Joanna looked at it, uncomprehending. Her English might be nearly flawless, but she could still read little in her own language, none of Colleen's. "What does he write?" she asked.

Colleen's skill also was limited, but she managed to make out enough. "He writes that the real gift is beneath the wrapping. How odd!"

She turned the box over, and as she did, a small tissue-wrapped package fell to the floor.

Joanna picked it up. "No!" Colleen warned. "It may be a trap. Let me—"

But Joanna already knew what it was. She opened the tissue slowly and carefully and let the spoonful of earth fall into her palm.

Once it touched her, she could no longer deny what it was. Her hand began to shake, and the grains scattered on the floor.

Colleen, misinterpreting her reaction, moved close, taking her hand and examining it, trying to find some injury. "What was it? What did it do to you?"

"It's soil from one of my brother's boxes. Someone found it. Someone knew." The thought made her frantic. Frantic! If he knew, then… then… then…

"But why would someone threaten you with a gift, and one so obviously expensive?" Colleen asked.

Colleen was so sensible. And so right. The ring brought some comfort, enough that she could think clearly. "If you see him again, ask him why he did this. Tell him that I need to know his intentions."

"I won't see him, at least not in daylight. I won't leave you alone. I promise."

Now it was her turn to be logical, to calm the fear. "
Draga
, if he meant to do harm, he could have done so today while you were gone."

That quieted her, and they sat together for a time. But as always, Joanna grew restless, pacing catlike and staring often at the door. As she started for it. Colleen said with a trace of annoyance, "I won't sleep at all tonight until you're back."
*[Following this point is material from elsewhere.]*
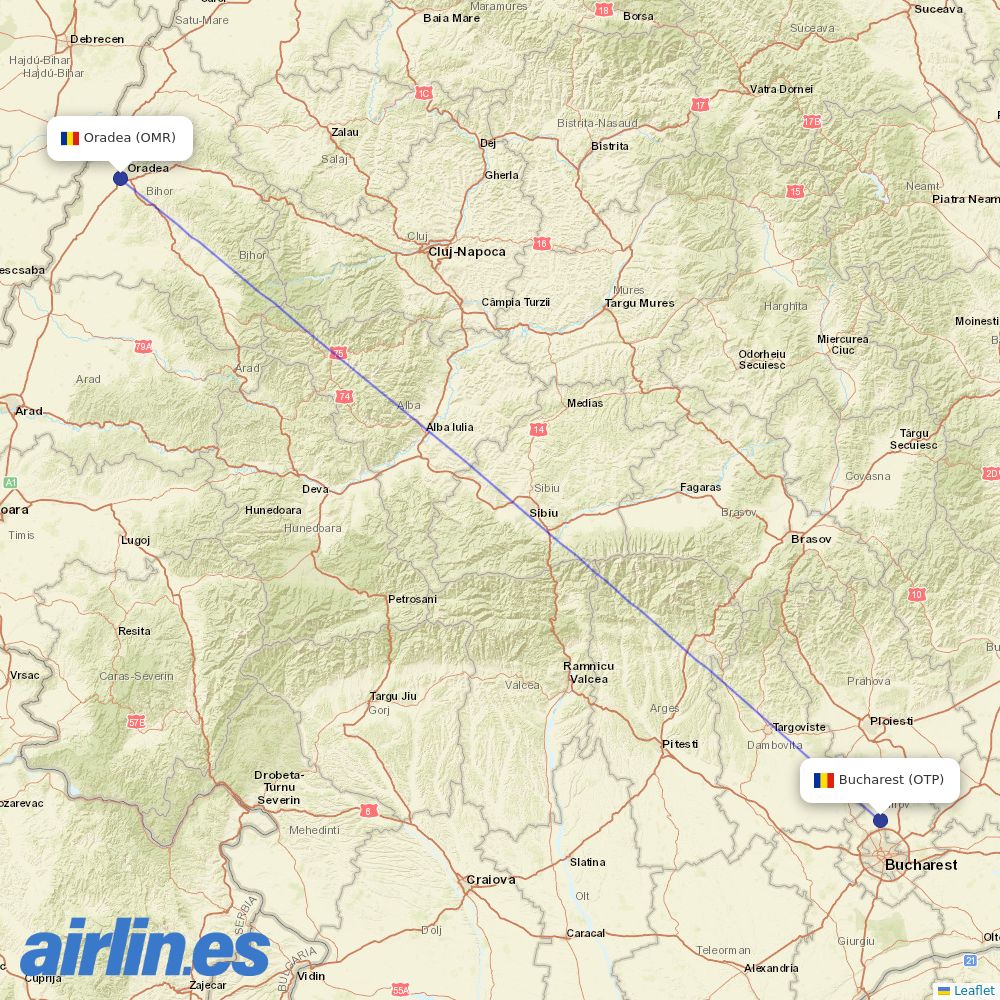TAROM at OMR route map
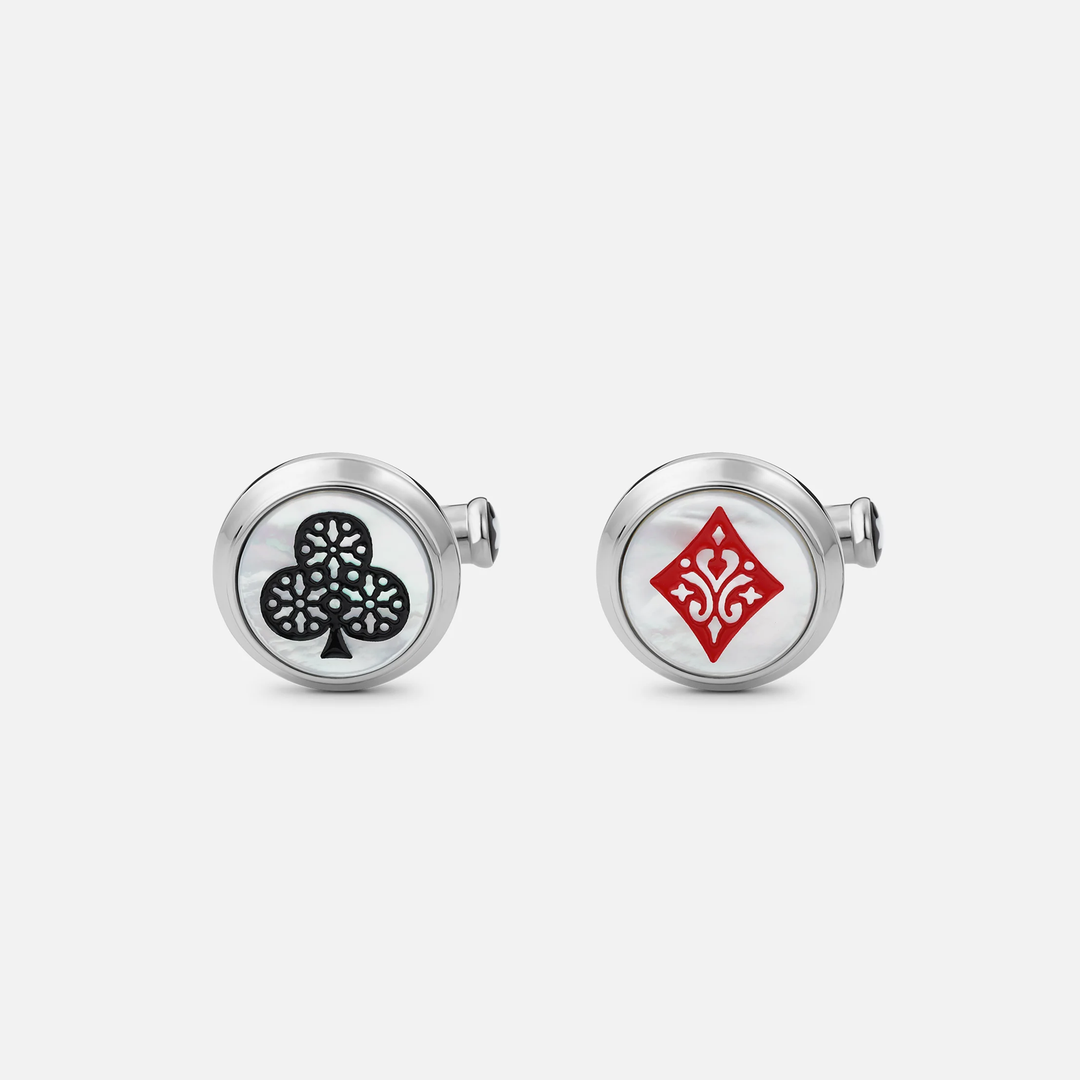 Montblanc Meisterstück Tribute to the Book Around the World in 80 Days Ace of Club &amp; Ace of Diamond Cufflinks by Mont Blanc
Joanna didn't bother to answer that, merely walked to the closed door. Colleen, always disturbed by what would happen next, looked away. When she looked back, Joanna had thinned to mist, and in a moment even that was gone.

One with the air and fog, Joanna watched from outside as Colleen unlatched the door and cracked it open. She noted that the girl was staring across the street with an expression both curious and frightened. Turning her attention in the same direction, Joanna saw a man standing there, his hair white in the gaslight.

He looked toward the door and the space around it. With a strange, sad smile, he turned and headed south and west toward the embankment and the bridge.

This was the night Arthur had been anticipating—the night when he would learn if he would live or die. Somehow it made no difference to him, for if there was one thing that Mina's experience with Dracula had taught him, it was that there was indeed a soul that lived on.

And so he walked down the embankment to one of the rare stands of trees still left from his youth, aware all the time that she was watching him go, following at a distance. He turned around often, trying to get a glimpse of her in some form. But there were no women, no wolves, no bats, only tendrils of mist all around him, and if she were a part of them, he would never know.